We are given $n$ points in the unit circle, $p_i = (x_i, y_i)$, such that $0 < x_i^2 + y_i^2 \le 1$ for $i = 1, 2, \ldots, n$. Suppose that the points are uniformly distributed; that is, the probability of finding a point in any region of the circle is proportional to the area of that region. Design an algorithm with an average-case running time of $\Theta(n)$ to sort the $n$ points by their distances $d_i = \sqrt{x_i^2 + y_i^2}$ from the origin. ($\textit{Hint:}$ Design the bucket sizes in $\text{BUCKET-SORT}$ to reﬂect the uniform distribution of the points in the unit circle.)

Bucket sort by radius,

$$ \begin{aligned} \pi r_i^2 & = \frac{i}{n} \cdot \pi 1^2 \\ r_i & = \sqrt{\frac{i}{n}}. \end{aligned} $$

8.4-5 $\star$¶

A probability distribution function $P(x)$ for a random variable $X$ is defined by $P(x) = \Pr\{X \le x\}$. Suppose that we draw a list of $n$ random variables $X_1, X_2, \ldots, X_n$ from a continuous probability distribution function $P$ that is computable in $O(1)$ time.

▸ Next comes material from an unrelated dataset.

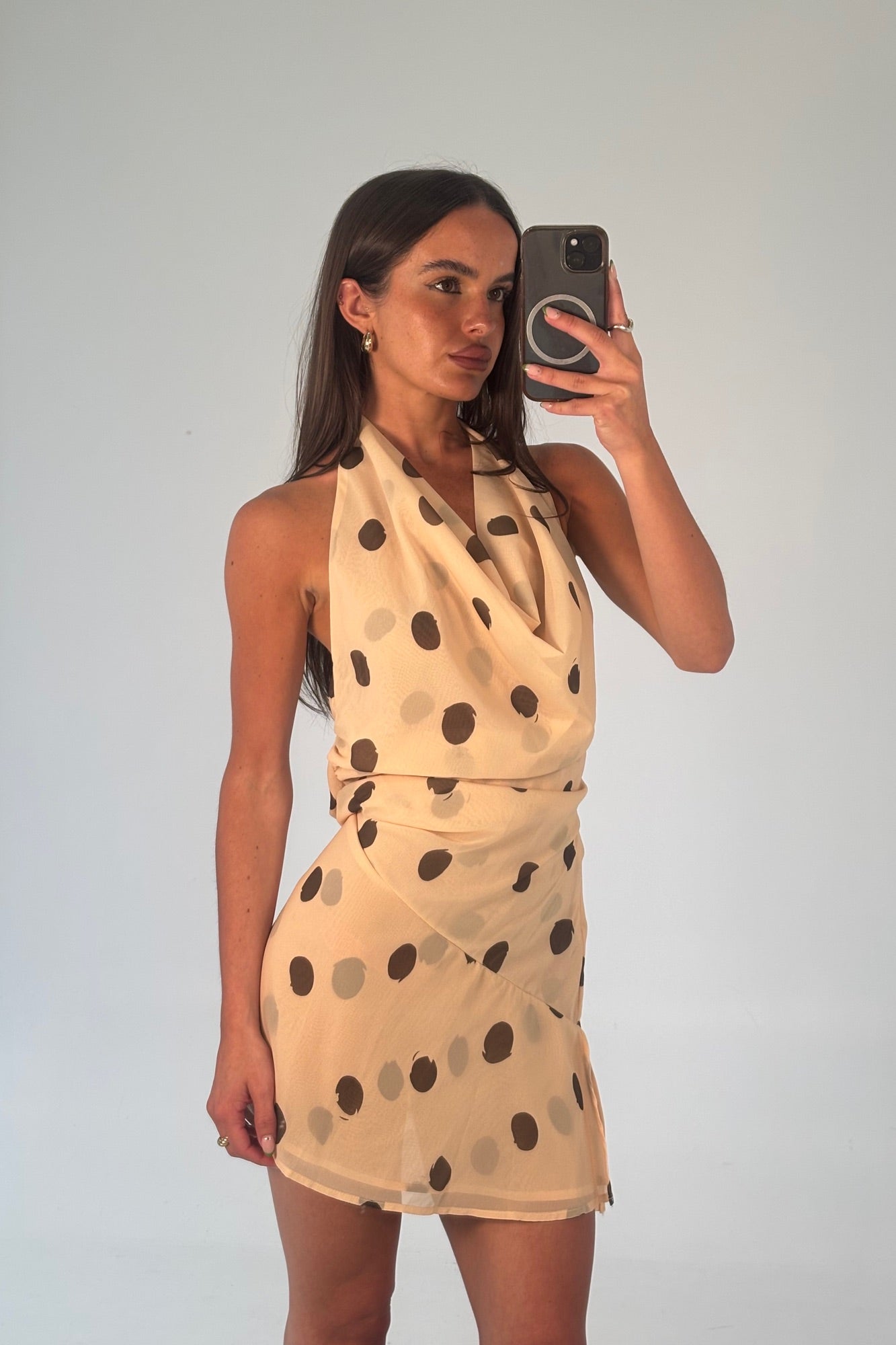 Ricky Mini Dress Lemon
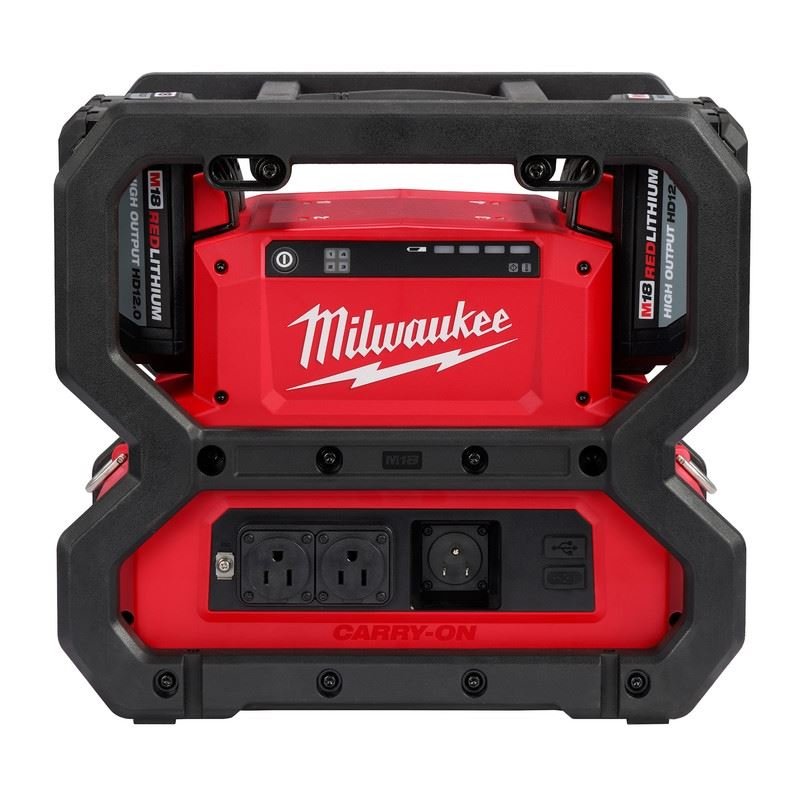 Milwaukee 2845 - 20 M18 CARRY - ON 3600W/1800W Power Supply - Mississauga Hardware Centre Inc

Give an algorithm that sorts these numbers in linear average-case time.

Bucket sort by $p_i$, so we have $n$ buckets: $[p_0, p_1), [p_1, p_2), \dots, [p_{n - 1}, p_n)$. Note that not all buckets are the same size, which is ok as to ensure linear run time, the inputs should on average be uniformly distributed amongst all buckets, of which the intervals defined with $p_i$ will do so.

$p_i$ is defined as follows:

$$P(p_i) = \frac{i}{n}.$$